- _Assignment_
What is needed is a faithful copy of all the records.

- _Data in this exercise_
========================================

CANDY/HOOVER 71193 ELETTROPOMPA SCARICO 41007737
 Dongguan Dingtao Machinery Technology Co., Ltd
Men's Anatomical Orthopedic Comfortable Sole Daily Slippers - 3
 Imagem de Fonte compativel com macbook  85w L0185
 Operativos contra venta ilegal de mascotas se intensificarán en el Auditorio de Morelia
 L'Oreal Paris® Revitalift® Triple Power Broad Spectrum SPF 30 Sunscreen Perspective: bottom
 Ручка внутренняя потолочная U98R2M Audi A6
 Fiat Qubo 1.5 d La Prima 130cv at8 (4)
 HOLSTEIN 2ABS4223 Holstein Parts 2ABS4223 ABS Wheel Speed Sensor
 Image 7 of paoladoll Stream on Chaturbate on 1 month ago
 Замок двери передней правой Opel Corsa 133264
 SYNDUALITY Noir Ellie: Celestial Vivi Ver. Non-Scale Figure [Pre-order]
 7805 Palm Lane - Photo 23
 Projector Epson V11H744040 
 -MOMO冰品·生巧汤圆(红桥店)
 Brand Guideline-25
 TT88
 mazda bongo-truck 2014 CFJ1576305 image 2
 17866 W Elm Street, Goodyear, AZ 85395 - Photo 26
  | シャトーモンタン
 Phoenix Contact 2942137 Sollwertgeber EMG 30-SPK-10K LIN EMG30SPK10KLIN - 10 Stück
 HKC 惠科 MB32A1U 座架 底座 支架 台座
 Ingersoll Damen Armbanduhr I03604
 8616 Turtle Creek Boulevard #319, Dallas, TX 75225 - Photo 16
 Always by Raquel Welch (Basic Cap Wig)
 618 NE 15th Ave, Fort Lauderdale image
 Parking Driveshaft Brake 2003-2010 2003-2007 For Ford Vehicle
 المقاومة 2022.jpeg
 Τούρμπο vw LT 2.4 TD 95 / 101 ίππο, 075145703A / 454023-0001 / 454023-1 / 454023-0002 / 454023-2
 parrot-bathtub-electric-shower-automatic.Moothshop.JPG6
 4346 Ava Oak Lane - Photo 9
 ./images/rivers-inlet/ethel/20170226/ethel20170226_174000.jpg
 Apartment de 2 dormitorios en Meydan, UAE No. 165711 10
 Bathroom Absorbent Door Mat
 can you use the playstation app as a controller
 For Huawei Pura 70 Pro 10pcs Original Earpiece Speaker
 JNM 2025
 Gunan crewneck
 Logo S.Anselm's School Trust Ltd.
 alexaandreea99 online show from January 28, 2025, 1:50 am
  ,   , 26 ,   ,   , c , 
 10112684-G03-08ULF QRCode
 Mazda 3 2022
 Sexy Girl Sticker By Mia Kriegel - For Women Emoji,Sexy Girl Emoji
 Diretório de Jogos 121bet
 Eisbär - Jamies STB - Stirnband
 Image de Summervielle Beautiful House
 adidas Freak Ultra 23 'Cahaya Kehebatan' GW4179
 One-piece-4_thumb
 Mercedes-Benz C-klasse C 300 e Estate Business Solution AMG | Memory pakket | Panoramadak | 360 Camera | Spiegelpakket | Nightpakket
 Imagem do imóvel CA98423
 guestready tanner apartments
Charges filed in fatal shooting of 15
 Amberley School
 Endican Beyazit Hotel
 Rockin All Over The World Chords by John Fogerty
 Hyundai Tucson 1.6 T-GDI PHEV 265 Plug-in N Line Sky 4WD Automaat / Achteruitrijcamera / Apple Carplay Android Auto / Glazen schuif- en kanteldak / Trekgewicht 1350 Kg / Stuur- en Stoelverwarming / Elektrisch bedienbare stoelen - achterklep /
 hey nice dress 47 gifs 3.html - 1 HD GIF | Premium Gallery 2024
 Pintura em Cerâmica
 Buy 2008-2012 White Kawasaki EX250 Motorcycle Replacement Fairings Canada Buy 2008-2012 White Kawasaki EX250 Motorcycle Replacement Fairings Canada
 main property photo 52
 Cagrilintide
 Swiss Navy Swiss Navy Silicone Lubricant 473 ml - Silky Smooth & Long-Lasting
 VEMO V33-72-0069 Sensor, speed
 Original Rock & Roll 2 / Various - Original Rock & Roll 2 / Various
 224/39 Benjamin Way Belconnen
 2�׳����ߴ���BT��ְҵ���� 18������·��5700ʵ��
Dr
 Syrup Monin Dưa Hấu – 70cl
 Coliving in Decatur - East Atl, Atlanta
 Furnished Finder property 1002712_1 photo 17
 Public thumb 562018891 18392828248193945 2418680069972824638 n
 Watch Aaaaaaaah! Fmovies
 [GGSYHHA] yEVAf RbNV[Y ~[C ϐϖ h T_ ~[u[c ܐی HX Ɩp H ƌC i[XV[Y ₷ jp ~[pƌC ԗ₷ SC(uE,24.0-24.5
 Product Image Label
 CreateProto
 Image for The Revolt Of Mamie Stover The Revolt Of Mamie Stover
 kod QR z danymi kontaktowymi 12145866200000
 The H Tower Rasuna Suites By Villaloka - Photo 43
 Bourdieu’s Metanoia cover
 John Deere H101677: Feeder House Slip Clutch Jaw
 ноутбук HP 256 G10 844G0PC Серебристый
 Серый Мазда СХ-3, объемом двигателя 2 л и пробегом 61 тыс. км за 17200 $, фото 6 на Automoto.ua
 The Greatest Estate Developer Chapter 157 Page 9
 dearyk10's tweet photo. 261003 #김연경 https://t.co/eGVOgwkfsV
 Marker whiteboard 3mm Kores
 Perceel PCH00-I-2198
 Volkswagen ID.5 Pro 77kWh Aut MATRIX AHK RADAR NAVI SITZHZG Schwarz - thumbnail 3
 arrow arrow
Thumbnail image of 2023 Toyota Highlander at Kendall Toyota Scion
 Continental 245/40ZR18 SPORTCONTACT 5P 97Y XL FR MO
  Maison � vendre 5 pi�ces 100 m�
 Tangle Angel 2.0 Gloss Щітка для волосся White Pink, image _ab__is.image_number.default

========================================

- _Exercise output_
CANDY/HOOVER 71193 ELETTROPOMPA SCARICO 41007737
 Dongguan Dingtao Machinery Technology Co., Ltd
Men's Anatomical Orthopedic Comfortable Sole Daily Slippers - 3
 Imagem de Fonte compativel com macbook  85w L0185
 Operativos contra venta ilegal de mascotas se intensificarán en el Auditorio de Morelia
 L'Oreal Paris® Revitalift® Triple Power Broad Spectrum SPF 30 Sunscreen Perspective: bottom
 Ручка внутренняя потолочная U98R2M Audi A6
 Fiat Qubo 1.5 d La Prima 130cv at8 (4)
 HOLSTEIN 2ABS4223 Holstein Parts 2ABS4223 ABS Wheel Speed Sensor
 Image 7 of paoladoll Stream on Chaturbate on 1 month ago
 Замок двери передней правой Opel Corsa 133264
 SYNDUALITY Noir Ellie: Celestial Vivi Ver. Non-Scale Figure [Pre-order]
 7805 Palm Lane - Photo 23
 Projector Epson V11H744040 
 -MOMO冰品·生巧汤圆(红桥店)
 Brand Guideline-25
 TT88
 mazda bongo-truck 2014 CFJ1576305 image 2
 17866 W Elm Street, Goodyear, AZ 85395 - Photo 26
  | シャトーモンタン
 Phoenix Contact 2942137 Sollwertgeber EMG 30-SPK-10K LIN EMG30SPK10KLIN - 10 Stück
 HKC 惠科 MB32A1U 座架 底座 支架 台座
 Ingersoll Damen Armbanduhr I03604
 8616 Turtle Creek Boulevard #319, Dallas, TX 75225 - Photo 16
 Always by Raquel Welch (Basic Cap Wig)
 618 NE 15th Ave, Fort Lauderdale image
 Parking Driveshaft Brake 2003-2010 2003-2007 For Ford Vehicle
 المقاومة 2022.jpeg
 Τούρμπο vw LT 2.4 TD 95 / 101 ίππο, 075145703A / 454023-0001 / 454023-1 / 454023-0002 / 454023-2
 parrot-bathtub-electric-shower-automatic.Moothshop.JPG6
 4346 Ava Oak Lane - Photo 9
 ./images/rivers-inlet/ethel/20170226/ethel20170226_174000.jpg
 Apartment de 2 dormitorios en Meydan, UAE No. 165711 10
 Bathroom Absorbent Door Mat
 can you use the playstation app as a controller
 For Huawei Pura 70 Pro 10pcs Original Earpiece Speaker
 JNM 2025
 Gunan crewneck
 Logo S.Anselm's School Trust Ltd.
 alexaandreea99 online show from January 28, 2025, 1:50 am
  ,   , 26 ,   ,   , c , 
 10112684-G03-08ULF QRCode
 Mazda 3 2022
 Sexy Girl Sticker By Mia Kriegel - For Women Emoji,Sexy Girl Emoji
 Diretório de Jogos 121bet
 Eisbär - Jamies STB - Stirnband
 Image de Summervielle Beautiful House
 adidas Freak Ultra 23 'Cahaya Kehebatan' GW4179
 One-piece-4_thumb
 Mercedes-Benz C-klasse C 300 e Estate Business Solution AMG | Memory pakket | Panoramadak | 360 Camera | Spiegelpakket | Nightpakket
 Imagem do imóvel CA98423
 guestready tanner apartments
Charges filed in fatal shooting of 15
 Amberley School
 Endican Beyazit Hotel
 Rockin All Over The World Chords by John Fogerty
 Hyundai Tucson 1.6 T-GDI PHEV 265 Plug-in N Line Sky 4WD Automaat / Achteruitrijcamera / Apple Carplay Android Auto / Glazen schuif- en kanteldak / Trekgewicht 1350 Kg / Stuur- en Stoelverwarming / Elektrisch bedienbare stoelen - achterklep /
 hey nice dress 47 gifs 3.html - 1 HD GIF | Premium Gallery 2024
 Pintura em Cerâmica
 Buy 2008-2012 White Kawasaki EX250 Motorcycle Replacement Fairings Canada Buy 2008-2012 White Kawasaki EX250 Motorcycle Replacement Fairings Canada
 main property photo 52
 Cagrilintide
 Swiss Navy Swiss Navy Silicone Lubricant 473 ml - Silky Smooth & Long-Lasting
 VEMO V33-72-0069 Sensor, speed
 Original Rock & Roll 2 / Various - Original Rock & Roll 2 / Various
 224/39 Benjamin Way Belconnen
 2�׳����ߴ���BT��ְҵ���� 18������·��5700ʵ��
Dr
 Syrup Monin Dưa Hấu – 70cl
 Coliving in Decatur - East Atl, Atlanta
 Furnished Finder property 1002712_1 photo 17
 Public thumb 562018891 18392828248193945 2418680069972824638 n
 Watch Aaaaaaaah! Fmovies
 [GGSYHHA] yEVAf RbNV[Y ~[C ϐϖ h T_ ~[u[c ܐی HX Ɩp H ƌC i[XV[Y ₷ jp ~[pƌC ԗ₷ SC(uE,24.0-24.5
 Product Image Label
 CreateProto
 Image for The Revolt Of Mamie Stover The Revolt Of Mamie Stover
 kod QR z danymi kontaktowymi 12145866200000
 The H Tower Rasuna Suites By Villaloka - Photo 43
 Bourdieu’s Metanoia cover
 John Deere H101677: Feeder House Slip Clutch Jaw
 ноутбук HP 256 G10 844G0PC Серебристый
 Серый Мазда СХ-3, объемом двигателя 2 л и пробегом 61 тыс. км за 17200 $, фото 6 на Automoto.ua
 The Greatest Estate Developer Chapter 157 Page 9
 dearyk10's tweet photo. 261003 #김연경 https://t.co/eGVOgwkfsV
 Marker whiteboard 3mm Kores
 Perceel PCH00-I-2198
 Volkswagen ID.5 Pro 77kWh Aut MATRIX AHK RADAR NAVI SITZHZG Schwarz - thumbnail 3
 arrow arrow
Thumbnail image of 2023 Toyota Highlander at Kendall Toyota Scion
 Continental 245/40ZR18 SPORTCONTACT 5P 97Y XL FR MO
  Maison � vendre 5 pi�ces 100 m�
 Tangle Angel 2.0 Gloss Щітка для волосся White Pink, image _ab__is.image_number.default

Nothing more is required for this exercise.